Suppose that you have a circuit where some power supply is connected to a $1\rm\,\mu F$ capacitor and a meter of coaxial cable. The coaxial cable presents a parallel capacitance of perhaps $100\rm\,pF$, a tiny correction. The stray capacitance between one plate of the cable and one conductor in the cable? The parallel-plate formula $C=\epsilon A/d$ isn't right for that geometry, but the arguments that went into it are, and the distance $d$ between one plate of a capacitor and one conductor in the cable is huge, so that the corresponding stray capacitance is tiny. There's just no energy there.

We don't talk about the net charge on a capacitor because the energy stored in a capacitor doesn't come from the monopole term of the charge distribution; it comes from the dipole.

Answer 5

This might help for your intuition

The assumption that you mentioned is only used for deriving the capacitance of a capacitor(using Gauss law). But in reality standard capacitors always have equal and opposite charges on it's plates while connected in a circuit (watch the video).

Why does the field confined only inside the capacitor?

It's indeed an application of Gauss law! I would like to give a hint, so that you could build other things on your own. Consider two infinitely large charged sheets(oppositely charged) kept at some distance parallel to each other. Now, what is the electric field inside and outside the charged plates?

Remember, in reality, capacitor plates are kept very close, so that a point inside the capacitor see the plates as (so called)infinitely large.

Answer 6

Then there are always equal and opposite charges on the two plates

This not true if 2 or more capacitors are connected in series.
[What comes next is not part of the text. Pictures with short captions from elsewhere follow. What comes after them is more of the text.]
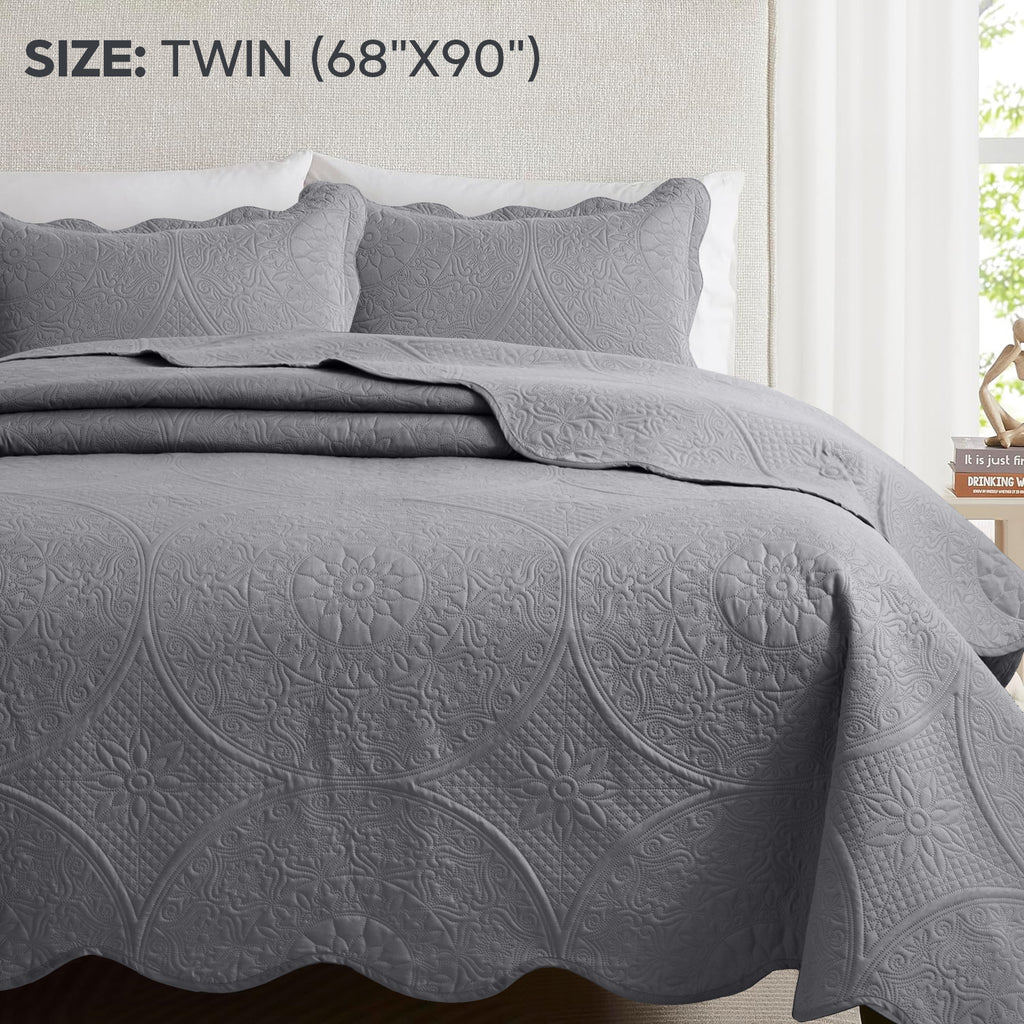 Luxury Quilted Bedspread Set 3 Piece Floral Coverlet with Pillow Shams Breathable Lightweight All Season - Twin Queen King California King 16 Colors
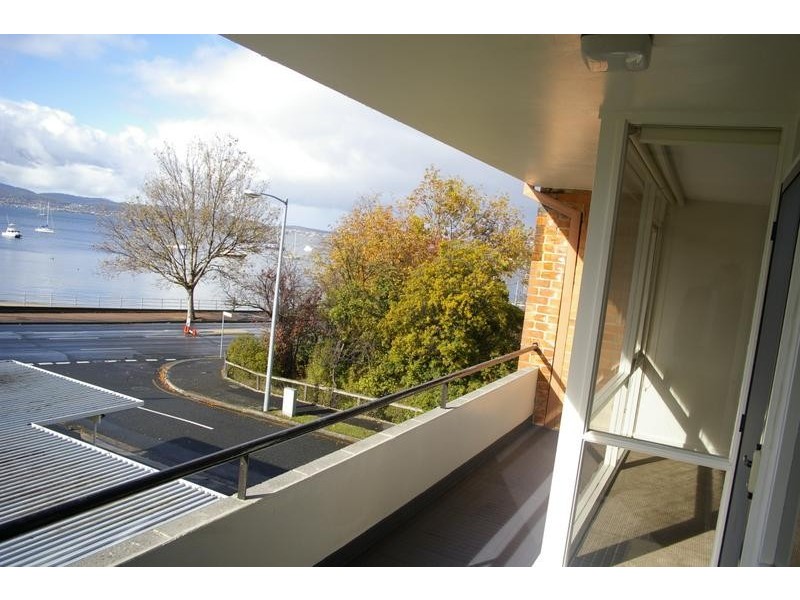 8/409 Sandy Bay Road, Sandy Bay TAS 7005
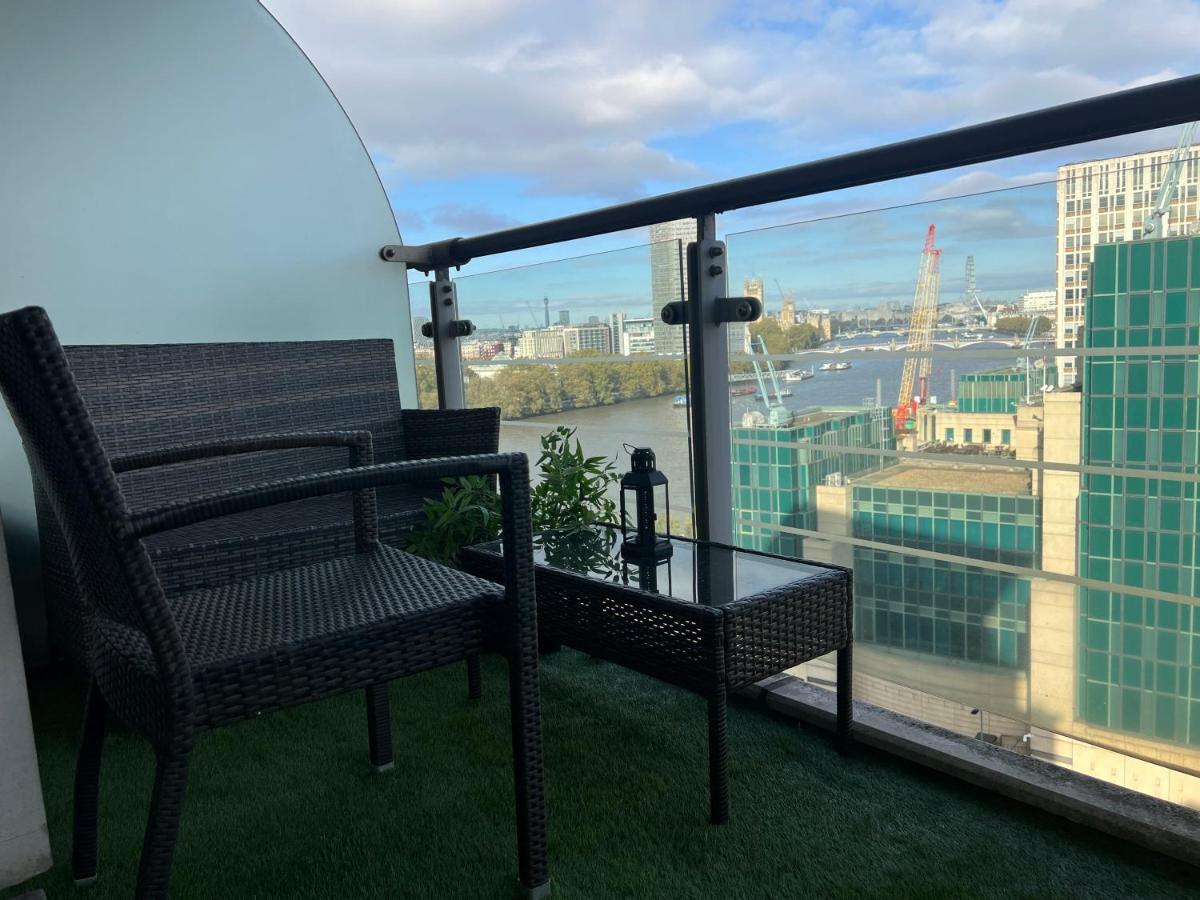 לונדון St George Thames Apartment מראה חיצוני תמונה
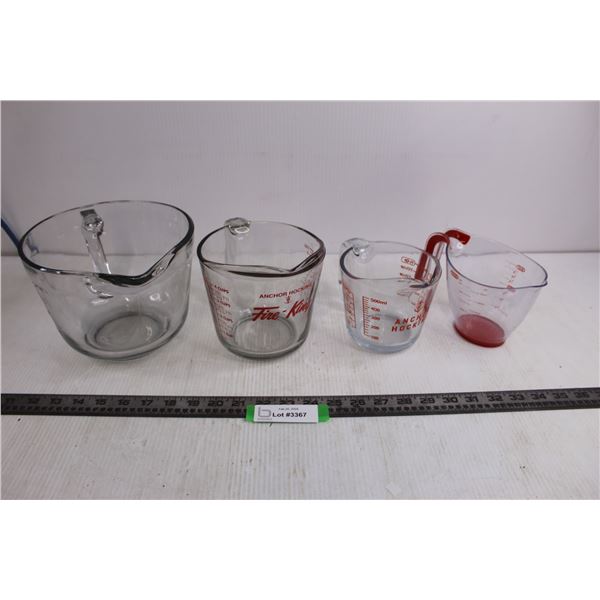 (4) Measuring Cups - Largest 8 Cups (2 L) Smallest 2 Cups (500ml) - 3 are Anchor Hocking and 1 Betty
For 2 capacitors in series, ideally the charge on the "inner" plates would be 0.

Answer 7

The effect of the closeness of the two plates of a capacitor on the balance of those plates' charges can be illustrated by the spherical capacitor example.

Consider a pair of conducting spheres with radiuses $r$ and $R$ ($r<R$), both centered at the origin. Let's ground (connect to Earth) the inner sphere, so that the potential at the inner sphere surface is equal to that at "infinity". As usual, we choose this potential to be zero. Now suppose we put some charge $Q$ on outer sphere. The inner sphere will take up (from the Earth) some charge $q$ to maintain its zero potential. The resulting electric potential at arbitrary point $\mathbf{x}\in\mathbb{R}^3$ will then be $$ \frac{q}{4\pi\epsilon_0\max(r,|\mathbf{x}|)} + \frac{Q}{4\pi\epsilon_0\max(R,|\mathbf{x}|)} $$ This potential equals zero when $|\mathbf{x}|=r$ (that is, on the surface of the grounded inner sphere), so we have $$ q=-\frac{r}{R}Q $$ If the "plates" of a spherical capacitor (the two spheres, that is) are close to each other, we have $\frac{r}{R}\approx 1$. That implies $q\approx -Q$.